**BRIEF:**
In the listing beneath this line, copy exactly the lines starting with the one containing "Yael Visits Beit" and going on through the one containing "bride's pin on her bouquet".

+++ INPUT +++

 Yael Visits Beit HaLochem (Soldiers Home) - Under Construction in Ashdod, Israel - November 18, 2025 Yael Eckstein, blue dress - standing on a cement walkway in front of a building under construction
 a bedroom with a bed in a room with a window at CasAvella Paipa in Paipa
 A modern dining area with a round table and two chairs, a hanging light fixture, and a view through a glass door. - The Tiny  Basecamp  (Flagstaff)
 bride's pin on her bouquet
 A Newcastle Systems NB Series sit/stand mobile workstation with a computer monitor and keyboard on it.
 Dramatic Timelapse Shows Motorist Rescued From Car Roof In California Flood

+++
+++ INPUT +++

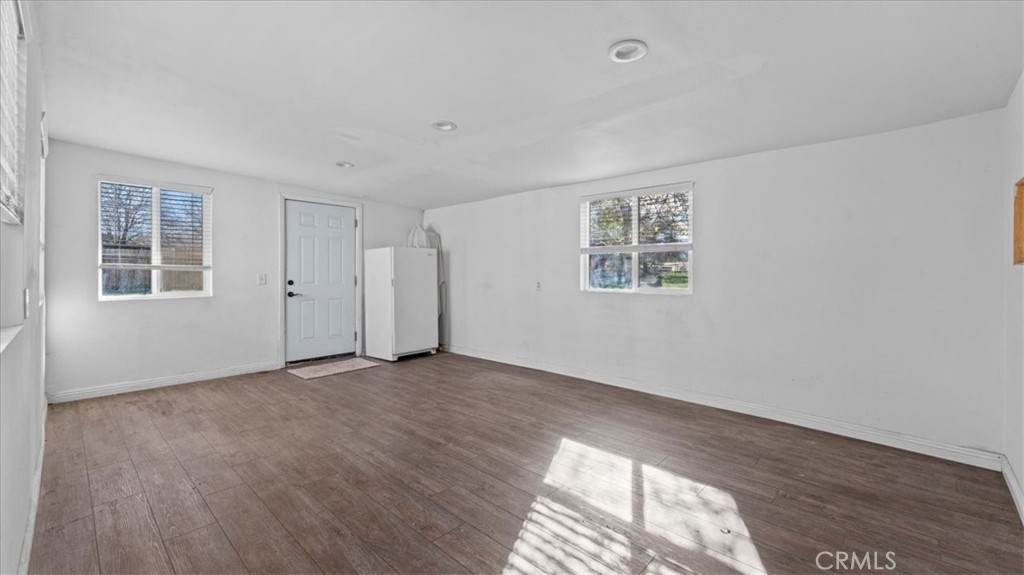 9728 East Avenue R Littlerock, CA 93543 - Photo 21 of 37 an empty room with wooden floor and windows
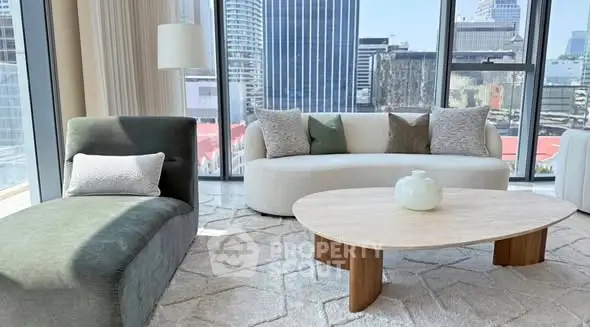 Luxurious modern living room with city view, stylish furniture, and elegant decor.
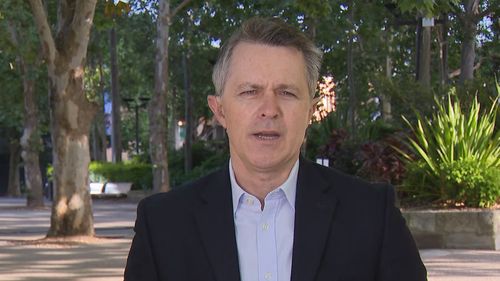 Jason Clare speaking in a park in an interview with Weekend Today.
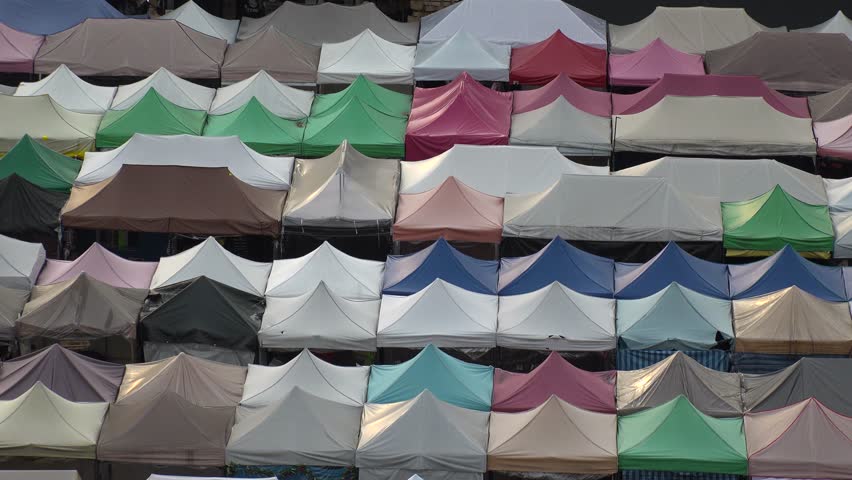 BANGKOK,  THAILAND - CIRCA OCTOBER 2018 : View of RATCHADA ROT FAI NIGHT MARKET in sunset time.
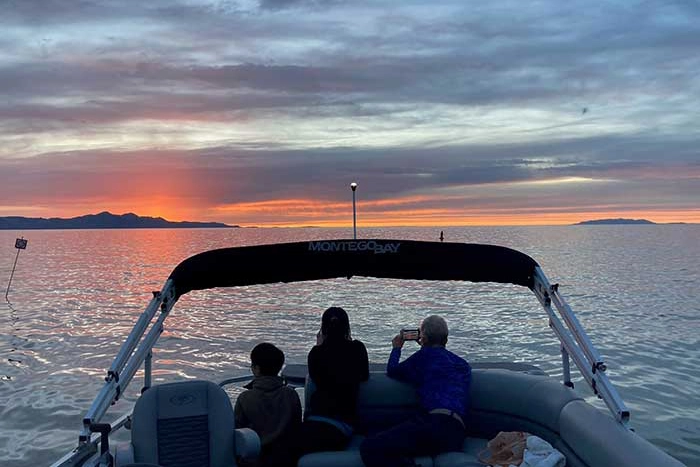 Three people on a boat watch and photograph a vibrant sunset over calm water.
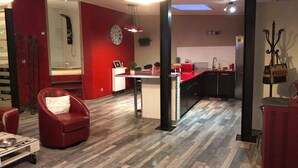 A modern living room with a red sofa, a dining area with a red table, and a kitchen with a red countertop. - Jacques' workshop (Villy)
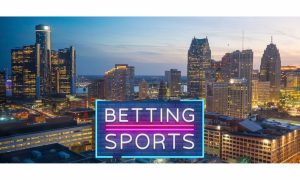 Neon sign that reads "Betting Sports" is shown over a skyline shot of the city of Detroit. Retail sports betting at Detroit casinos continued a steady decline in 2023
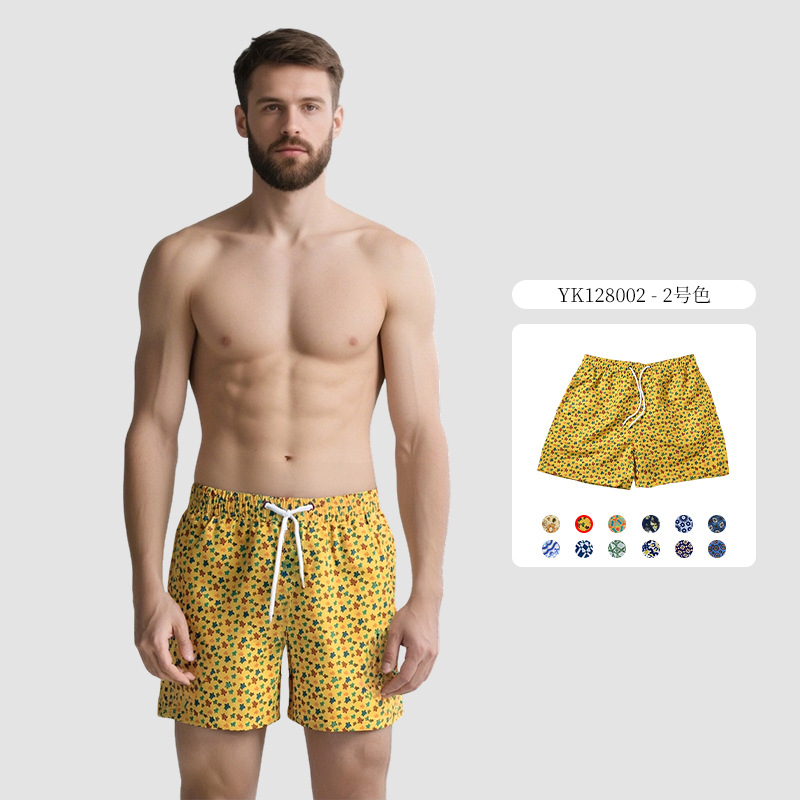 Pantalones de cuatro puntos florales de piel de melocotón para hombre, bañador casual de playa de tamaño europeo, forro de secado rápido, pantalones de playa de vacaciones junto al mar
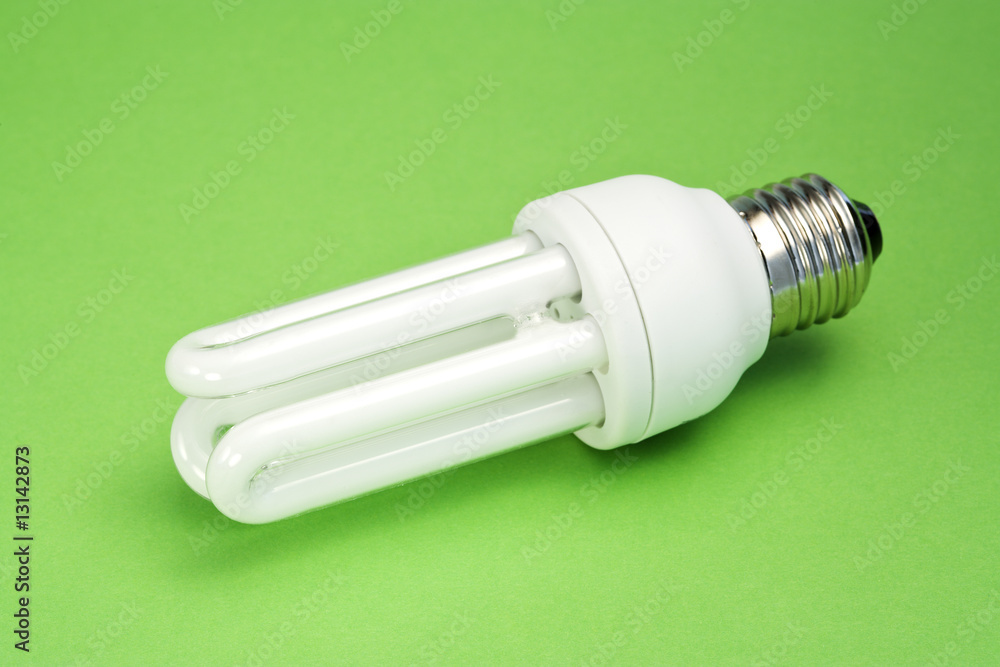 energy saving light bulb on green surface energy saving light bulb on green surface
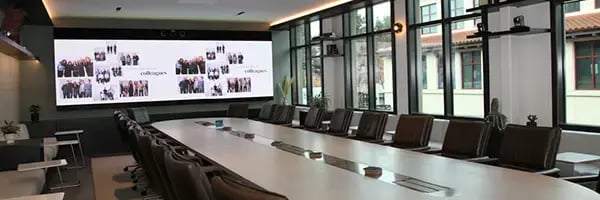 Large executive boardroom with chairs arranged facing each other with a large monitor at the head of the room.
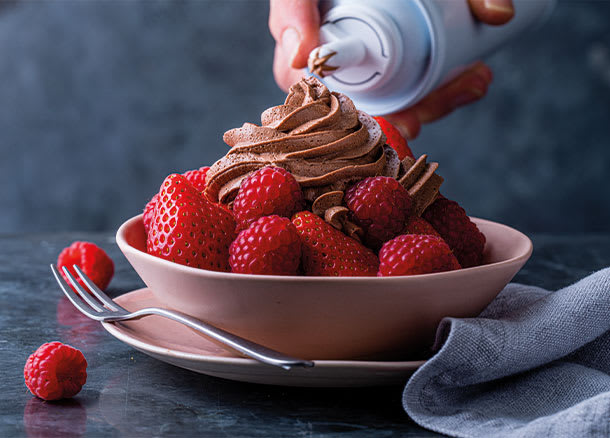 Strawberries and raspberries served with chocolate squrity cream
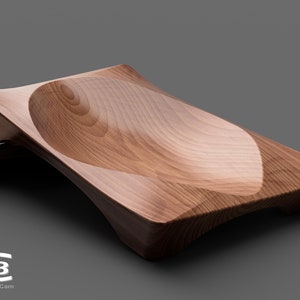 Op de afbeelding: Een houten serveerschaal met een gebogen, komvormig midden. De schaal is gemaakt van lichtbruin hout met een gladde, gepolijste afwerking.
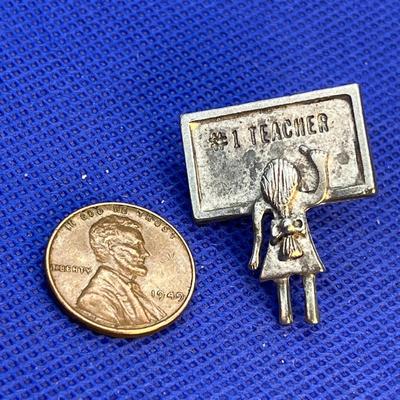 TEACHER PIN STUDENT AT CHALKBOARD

+++

**RESPONSE:**
 Yael Visits Beit HaLochem (Soldiers Home) - Under Construction in Ashdod, Israel - November 18, 2025 Yael Eckstein, blue dress - standing on a cement walkway in front of a building under construction
 a bedroom with a bed in a room with a window at CasAvella Paipa in Paipa
 A modern dining area with a round table and two chairs, a hanging light fixture, and a view through a glass door. - The Tiny  Basecamp  (Flagstaff)
 bride's pin on her bouquet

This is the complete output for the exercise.